The Human Phenotype Ontology. The Human Phenotype Ontology (HPO) currently has more than 13,500 terms for phenotypic features and is currently the emerging framework to work with computable phenotypic data. We have used HPO in EuroEPINOMICS and this terminology is also used by many genomic diagnostic laboratories. In addition to allowing us to describe phenotypic features at different levels of detail (“seizure”, “generalized seizure”, “absence seizure”), it provides us with a hierarchy of these terms, e.g. the term for absence seizure is a child term of generalized seizures.
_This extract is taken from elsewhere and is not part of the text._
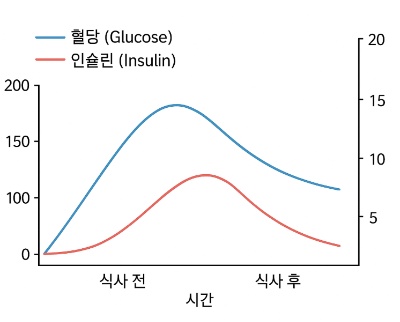 혈당 스파이크와 인슐린 분비 보여주는 그래프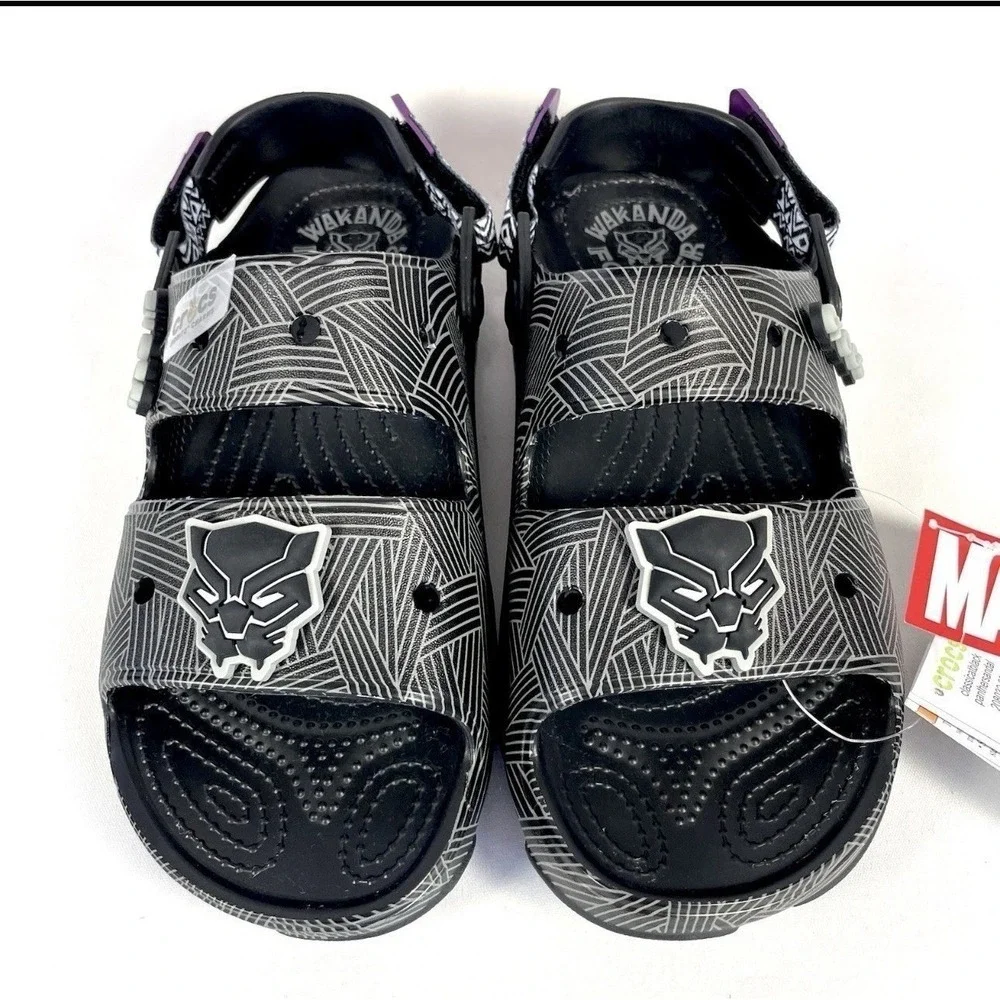 Crocs x Marvel‎ Black Panther Wakanda Forever Sandals NWT Mens 6 Womens 8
This now allows us to walk up and down the hierarchy and connect each term in each patient with each other. We can now ask the question how far two phenotypes are apart, ideally translating our clinical sense or phenotypic relatedness or distance into a computable format. In 2012, we had presented a poster at the ECE in London that used our EuroEPINOMICS data for such an analysis, showing that a group of 8 patients with self-resolving infantile spasms can be identified from a group of 171 patients with developmental and epileptic encephalopathies based on a similarity analysis that uses HPO terms (link). More recently, HPO data derived from EMR data has been used to identify patients with rare monogenic diseases out of a large patient cohort at Vanderbilt.
Our own work. As a child neurologist, I am intrigued by the clinical presentations of patients with genetic epilepsies. While we can perform exome and genome sequencing on an industrial scale, our ability to derive phenotypic data in a format that can be used for large-scale analyses is often limited to manual chart review – this is the phenotypic bottleneck. Developing strategies to overcome the phenotypic bottleneck in childhood epilepsies by working with computational phenotypes has become a major aspect of our group at CHOP. Currently, we connect genomic data with information extracted from electronic health records, and develop methods for integrating epilepsy-specific HPO data into genetic studies, translating large datasets into a standardized language that we can use for our computational effort. The aim of this work is to better understand how genes and clinical presentations are related, to identify patterns that we would not appreciate with manual analysis, which will help us identify disease mechanisms to develop new therapeutic avenues.